Controversy over Pokhran-II needless: PM
The PM on Saturday tried to put to rest the controversy over Pokhran nuclear tests of May 1998.
New Delhi: Prime Minister Manmohan Singh on Saturday tried to put to rest the raging controversy over Pokhran nuclear tests of May 1998, saying former president APJ Abdul Kalam has clarified that the tests were successful.
It’s a “needless controversy over Pokhran tests… Dr Kalam has clarified that the tests were successful,” Dr Singh said days after senior nuclear scientist K Santhanam, who was the DRDO representative at Pokhran II, dropped a bombshell earlier this week, saying the tests were only partially successful and the results much below expectations.

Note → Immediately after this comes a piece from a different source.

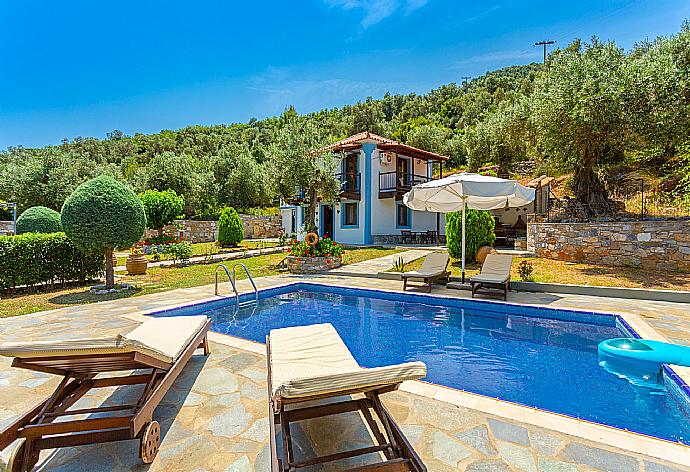 Beautiful villa with private pool, terrace, and garden . - Villa Glysteri . (Galería de imágenes) }}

Santhanam had also stressed that the country needs to conduct more nuclear tests to consolidate its position and improve its knowledge of nuclear weapon programme before joining the Comprehensive Test Ban Treaty (CTBT).
Santhanam, who was director for 1998 test site preparations, had stated that the yield for the thermonuclear test or hydrogen bomb in popular usage was much lower than what was claimed. As per him, the yield of Pokharan II tests can only be classified as a “fizzle” rather than big bang. In nuclear terminology, a test is classified as a fizzle when the yield is below expectation.
Reacting to Santhanam’s claims, Dr Kalam had asserted that Pokhran II nuclear tests conducted in 1998 during the NDA regime were "successful".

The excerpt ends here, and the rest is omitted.